I met a woman at the dog park the other day and we got to talking about yoga, meditation, “mindfulness” and, really, what brings us peace.  I know, pretty intense for a conversation at the dog park, but that’s the beauty of the random conversations I strike up with the other dog-owners who seek out the beautiful oasis of a park where I bring my dog.

This woman is a former professional ballet dancer and I could tell the moment I met her that she has an extraordinary sense of presence.  She spoke of how her husband is very into meditation and yoga as a path to his own inner peace and is always telling her she should go to yoga classes.  She explains to me that she has tried a few yoga asana classes and they were “disastrous” for her.  She didn’t like the heat, she didn’t like the approach, she didn’t like the way it made her body feel and she didn’t like the perceived competition in the room.  She felt the opposite of peaceful.

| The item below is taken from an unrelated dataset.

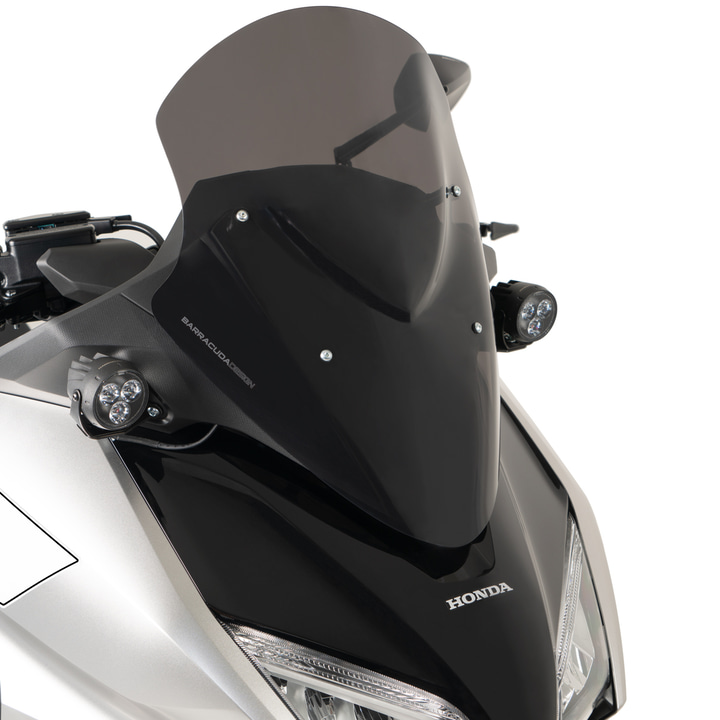 Windshield HX7300-21D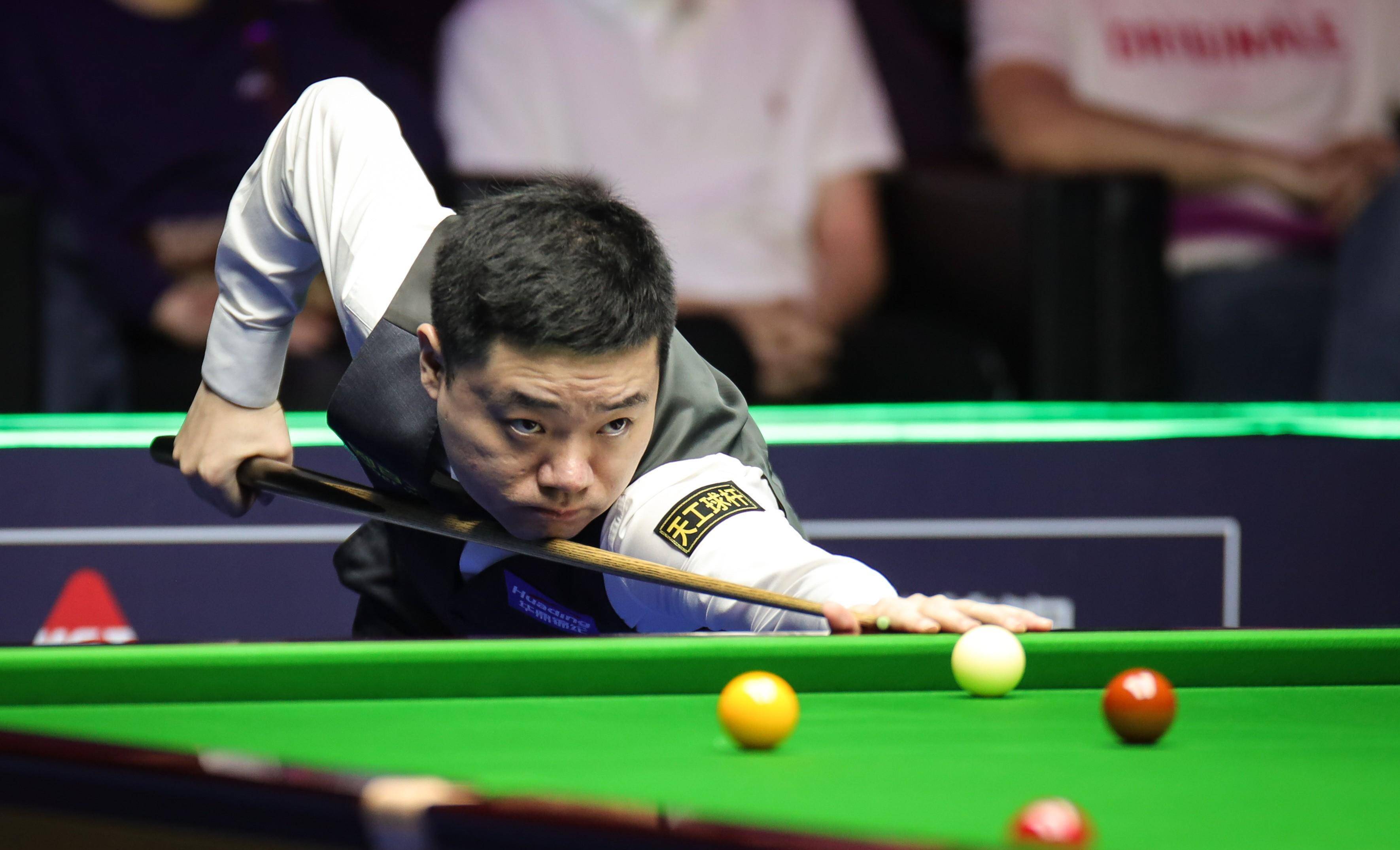 也让球迷看 也让球迷看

Now this is a woman who, as a dancer, is schooled in body awareness and knows what does and does not work for her body.  She gave it the old college try and, knowing herself, decided that yoga classes were not the way for her to access inner peace.  She then segued into a story about how she had gone to temple the previous weekend of Yom Kippur.  It was a spiritual endeavor, but ended up filling her spirit with dread.  She saw too many people she knew, there was too much “going on,” which she felt diverted her from accessing her own spirituality.  So she left services early and drove to the sanctuary of a Greek Orthodox church (I think, though it may have been a monastery) where her mother-in-law was buried and where she had spent lots of meaningful time with her mother-in-law in the past.  She lit a candle and was immediately soothed by the peace and serenity of the sanctuary, and immediately felt a connection to the divine.  It was in that moment and that space that she found a sense of inner peace and was able to connect with her own spirituality, outside the confines of her own religion.

I tell this story because this woman and her story embodied a sense of mindfulness and frank self-awareness that I don’t often encounter in our culture.  As I embark on teaching a Yoga and Mindfulness for Leaders & Executives course to a group of women at Simmons School of Management next week, I started thinking about the “shoulds” that are shoved down our throats in American culture.

How many people are told by well-meaning friends and family members that they should go to a yoga class or they should meditate?  I know I’m guilty of should-ing at times.  As a yogini, I truly believe that yoga (including meditation) is a genuine path toward the goal of stilling the whirling thoughts in one’s mind in order to see clearly and find some sort of inner peace and stability.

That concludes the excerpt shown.